> **TASK PROMPT**
Print exactly what appears from the line containing "Kız Çocuk Yakası" through the final line of the data below, pictures excluded.
#####
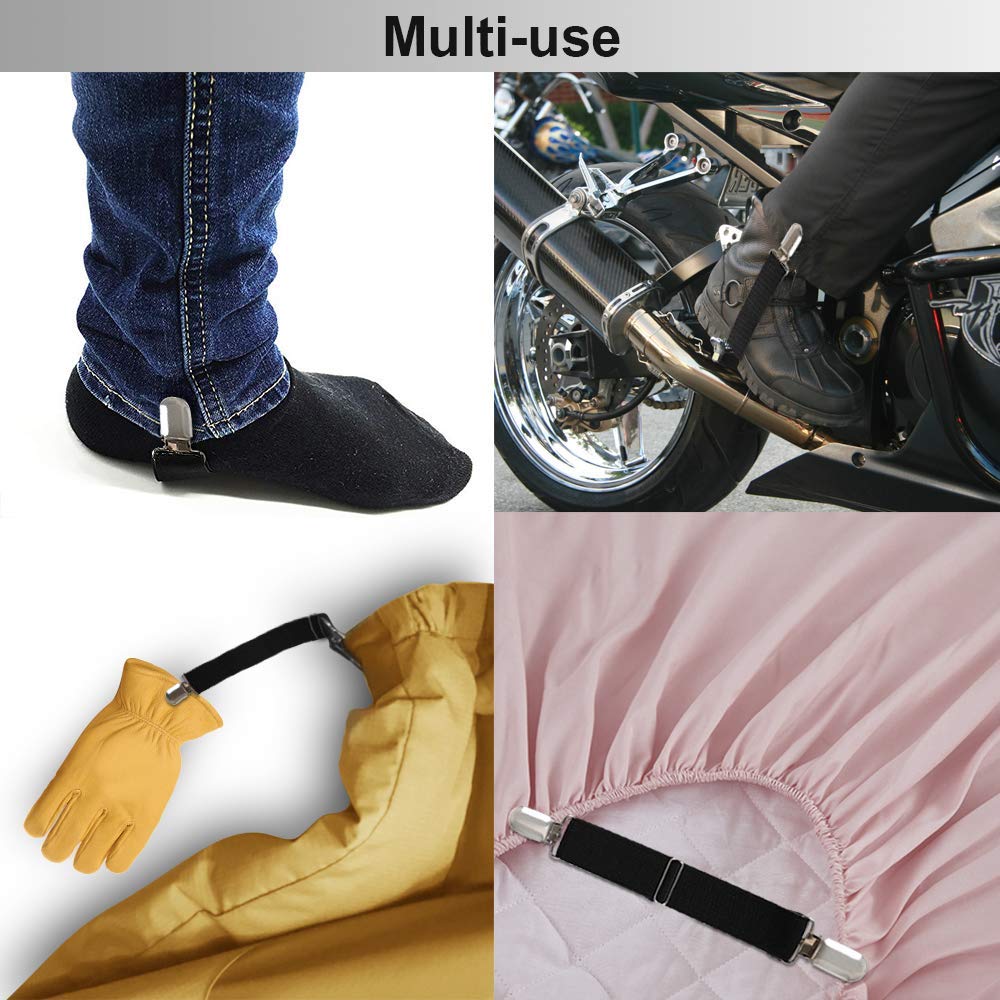 Boncas Sturdy Adjustable Elastic Boot Straps Motorcycle Pant Clips Bicycle Stirrups Straps Keeping Your Pants Tucked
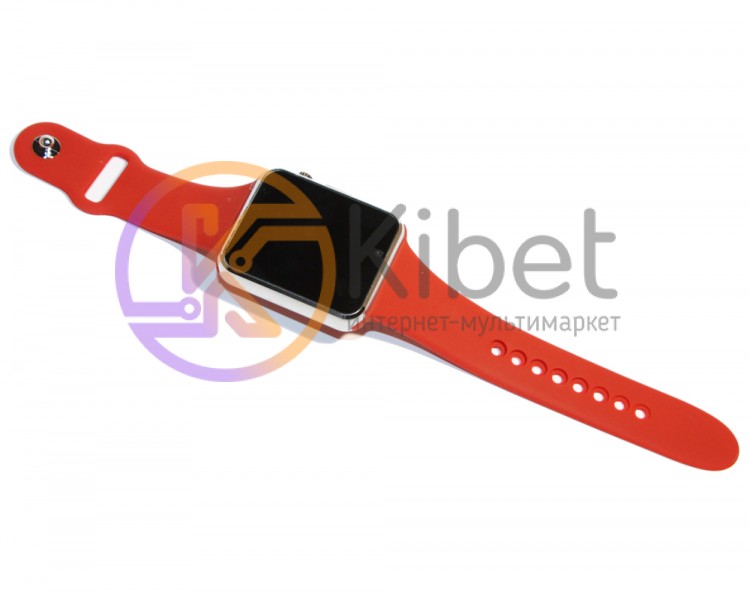 Умные часы SmartWatch A1 Red, цветной сенсорный экран 1.54', совместимость iOS A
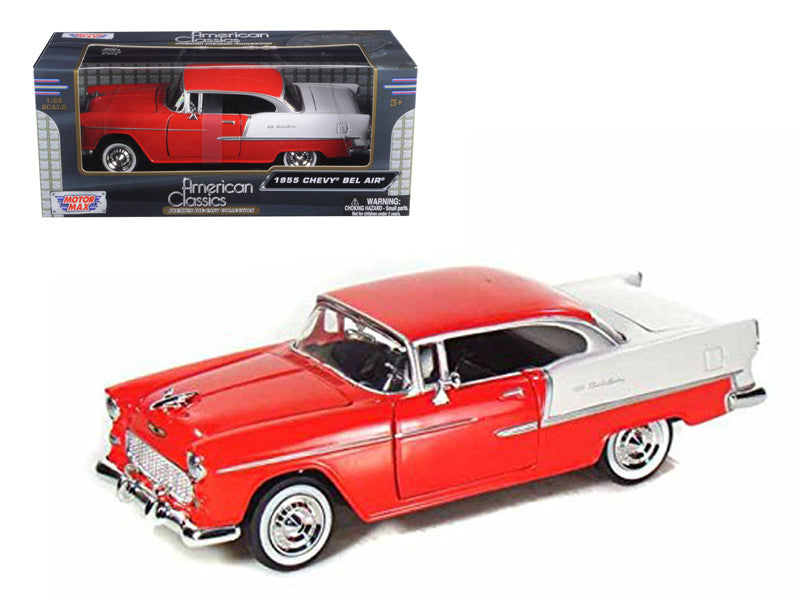 1955 Chevrolet Bel Air Red 1/24 Diecast Model Car by Motormax LuxuryLifeWay Online Store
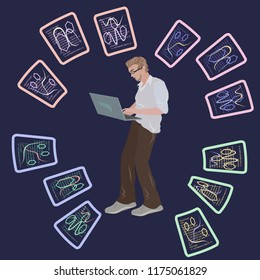 Neural network. Man, student programmer with laptop. 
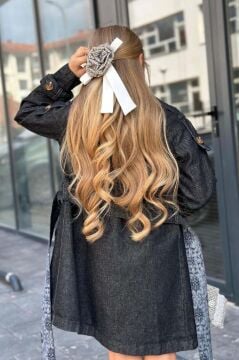 Kız Çocuk Yakası Fırfır ve İnci Detaylı Ekose Elbise New Düğme ve Kemer Detaylı Siyah Trençkot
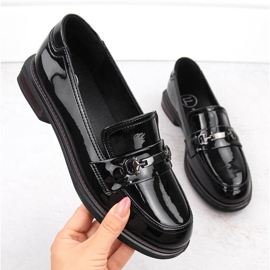 Leather women's patent leather shoes black Filippo DP6306/24 1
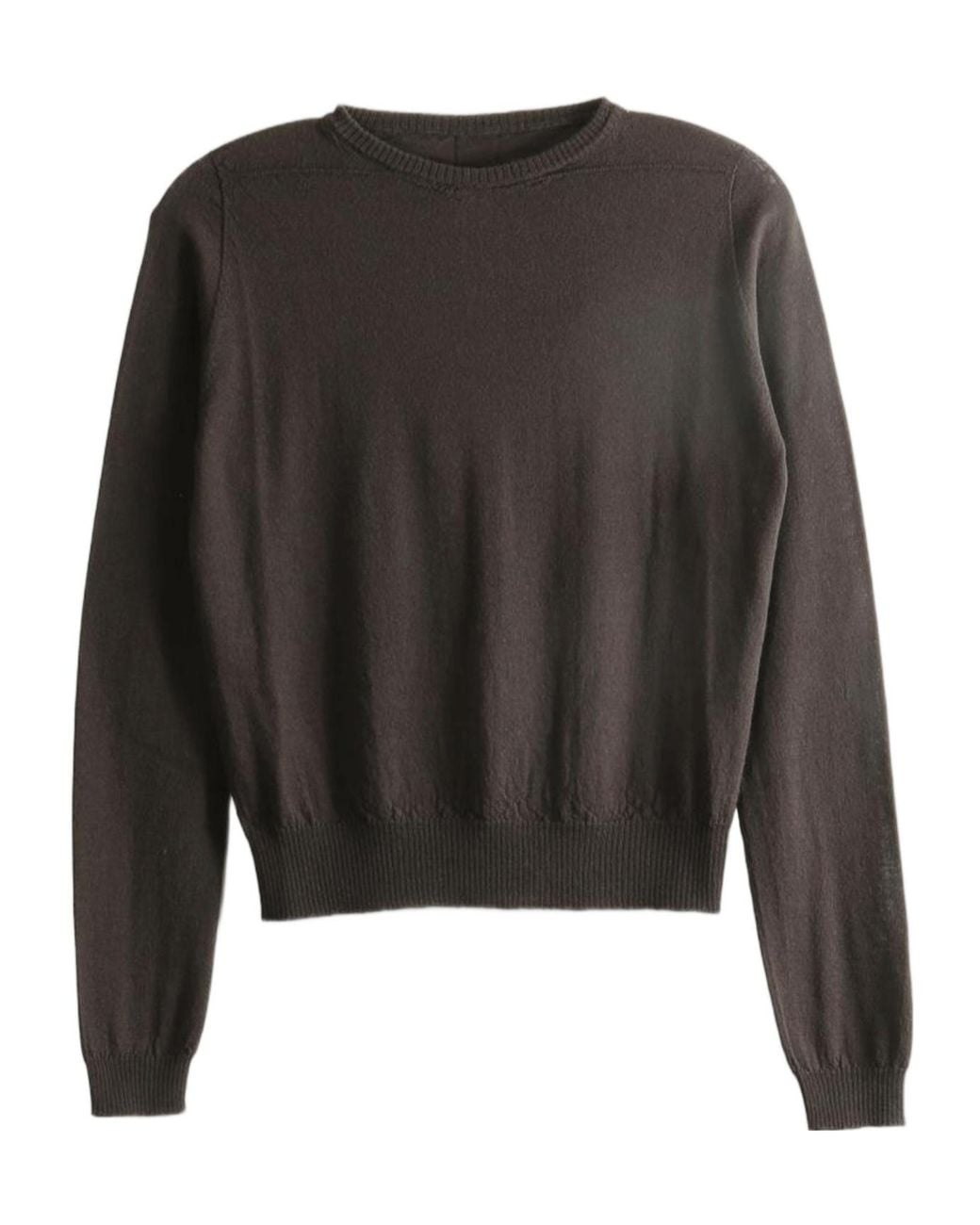 Rick Owens Gray Ribbed-Trim Fine-Knit Sweater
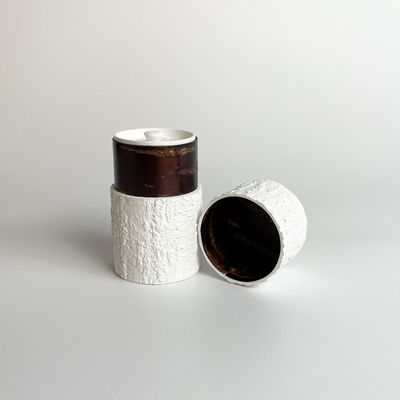 Tea and coffee accessories - Black-and-white matte bark canisters - TOMIOKA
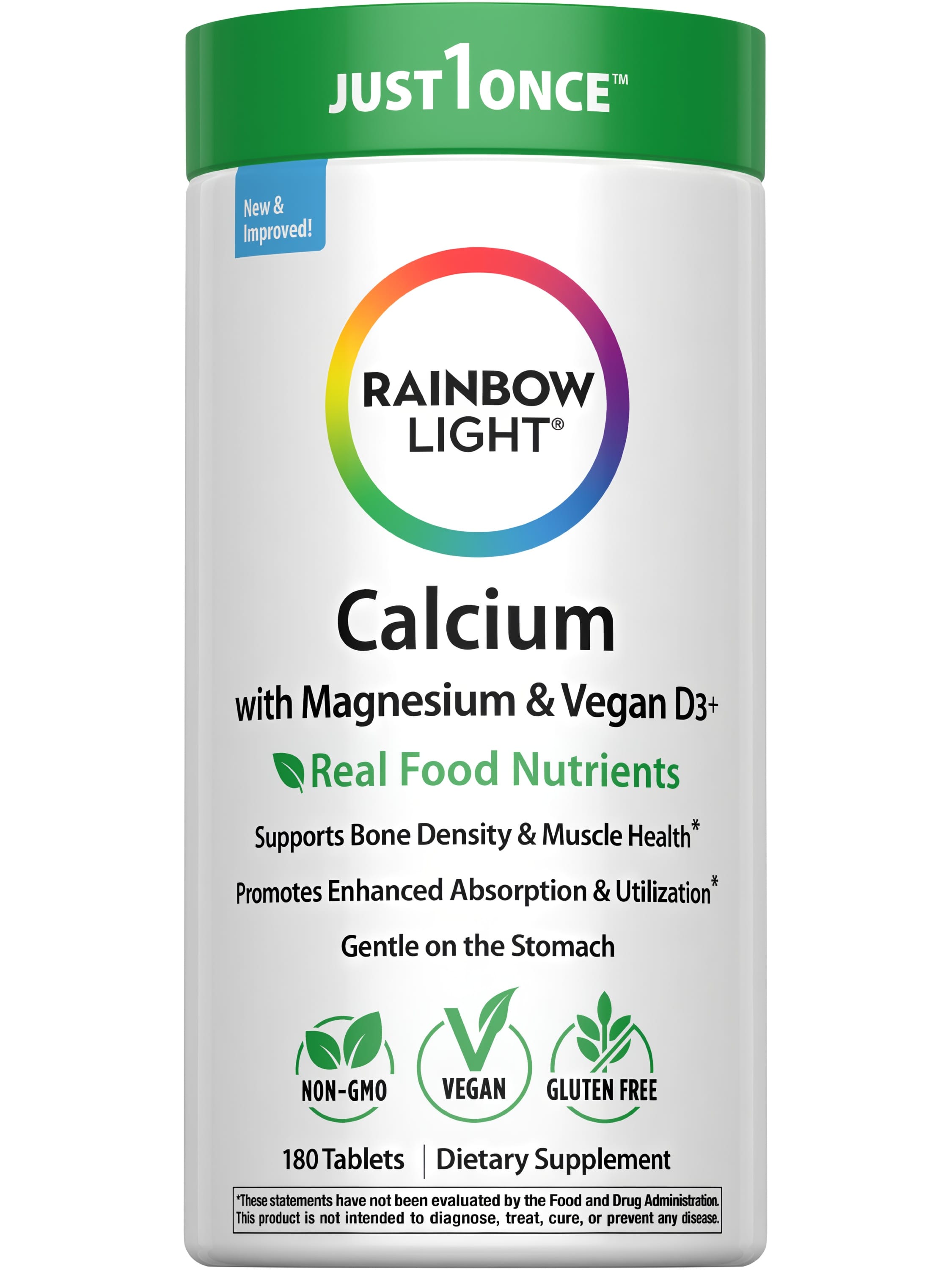 Кальцій з магнієм та вітаміном D3, Rainbow Light Calcium with Magnesium & Vegan D3+, 500/250 мг, 180 таблеток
#####
> **EXERCISE SOLUTION**
 Kız Çocuk Yakası Fırfır ve İnci Detaylı Ekose Elbise New Düğme ve Kemer Detaylı Siyah Trençkot
 Leather women's patent leather shoes black Filippo DP6306/24 1
 Rick Owens Gray Ribbed-Trim Fine-Knit Sweater
 Tea and coffee accessories - Black-and-white matte bark canisters - TOMIOKA
 Кальцій з магнієм та вітаміном D3, Rainbow Light Calcium with Magnesium & Vegan D3+, 500/250 мг, 180 таблеток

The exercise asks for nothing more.